White House economic advisor Larry Kudlow says China's economy looks "terrible," and that investment there is "collapsing." But the data show a more complicated picture.
"I'm not a China expert, although I'm boning up as fast as I can, I would just say right now their economy looks terrible," Kudlow said Thursday in response to President Donald Trump's question at a Cabinet meeting about China's prospects.
Kudlow also said the latest data showed that "retail sales, business investment is collapsing." "There may be some manipulation" in the currency and "investors are moving out of China because they don't like the economy," he added.
Growth is slowing, and the latest economic reports did disappoint analyst expectations. Worries about high debt levels persist. The Chinese yuan has fallen to its lowest level in more than a year against the U.S. dollar.
The Chinese stock market also paints a depressing picture for investors. The Shanghai exchange, which is known to be more volatile and less efficient than U.S. markets, is down 25 percent from a high it hit in late January.
Other numbers paint a less dire picture than Kudlow's comments suggest.
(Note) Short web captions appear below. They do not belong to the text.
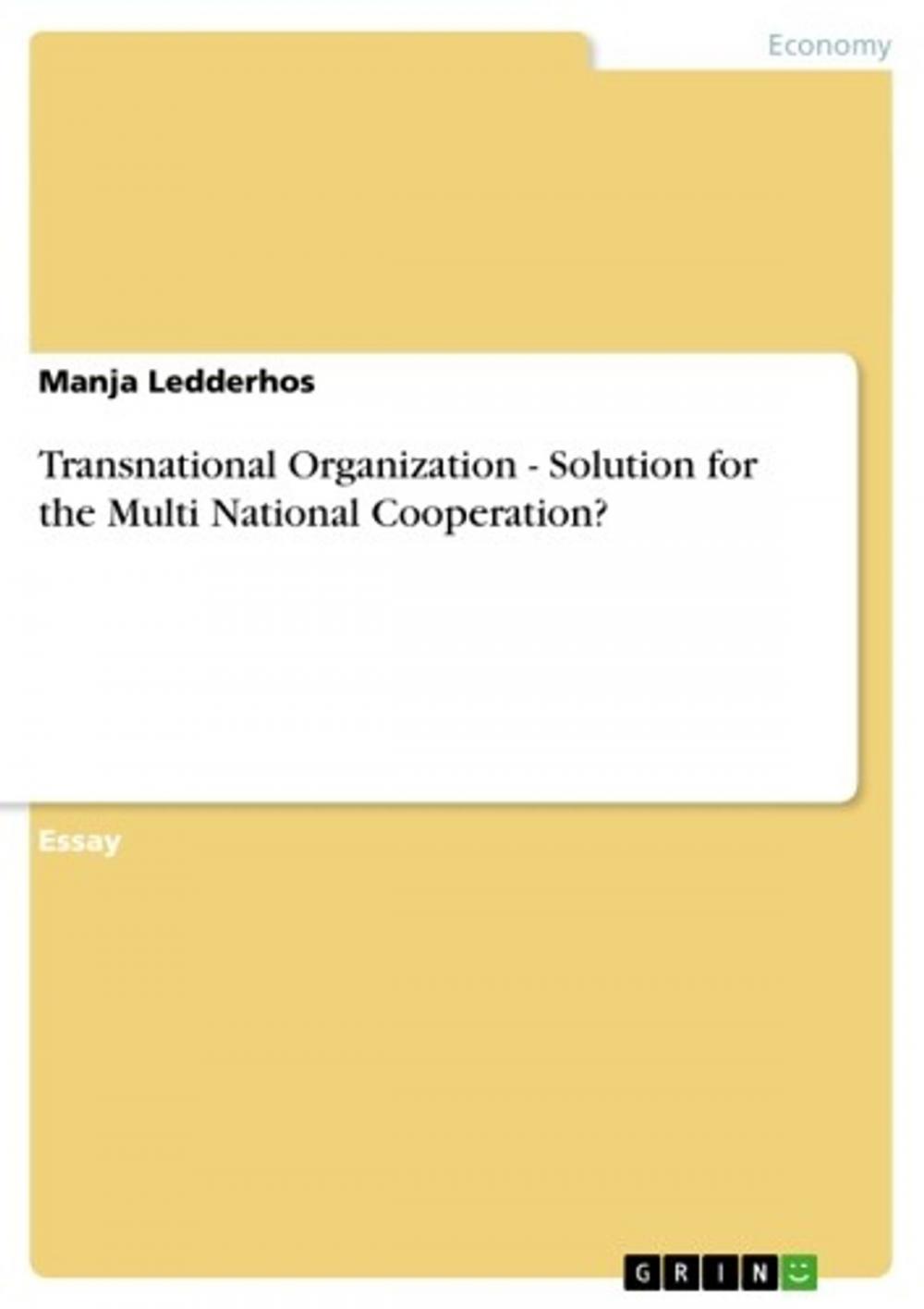 Big bigCover of Transnational Organization - Solution for the Multi National Cooperation?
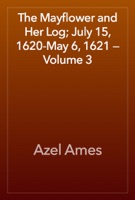 The Mayflower and Her Log; July 15, 1620-May 6, 1621 — Volume 3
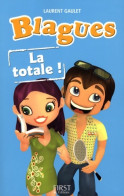 Blagues : La Totale ! (2008) De Laurent Gaulet - Humor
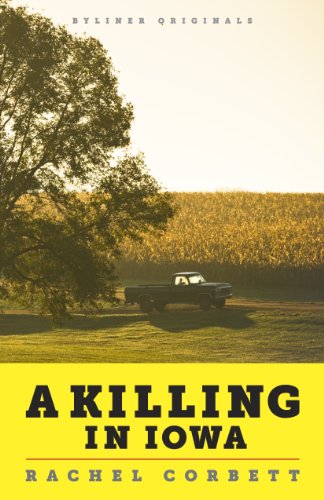 A Killing in Iowa: A Daughter's Story of Love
First, fixed asset investment did slow to 5.5 percent year-on-year growth in July, the lowest since 1999, according to Shanghai-based data company Wind Info. Retail sales growth of 8.8 percent in July from a year earlier missed expectations of 9.1 percent and fell from 9 percent in June, according to Reuters. But that is still better than the 6.4 percent year-on-year increase in U.S. retail sales reported for July.
Beijing is trying to transition China's economy to a consumption-driven one from one reliant on manufacturing. The economic growth rate is bound to decline in this process, since the labor productivity of the services industry is significantly lower than that of the manufacturing industry, according to Lu Zhang, a Beijing-based economist at investment research firm CEBM. The quality of China's growth is also improving, she noted.
Overall, China's gross domestic product is expected to grow 6.6 percent this year, slower than last year's 6.9 percent rate but still one of the fastest-growing economies in the world and far above the 3.9 percent global growth forecast, according to a July report from the International Monetary Fund. That compares with the IMF's outlook for a 2.9 percent increase in U.S. GDP this year, up from 2.3 percent last year.
Part of the weakness in the yuan is due to a slowing economy and easing domestic monetary policy. But at the same time, the U.S. dollar index has strengthened to its highest in more than a year amid Federal Reserve tightening.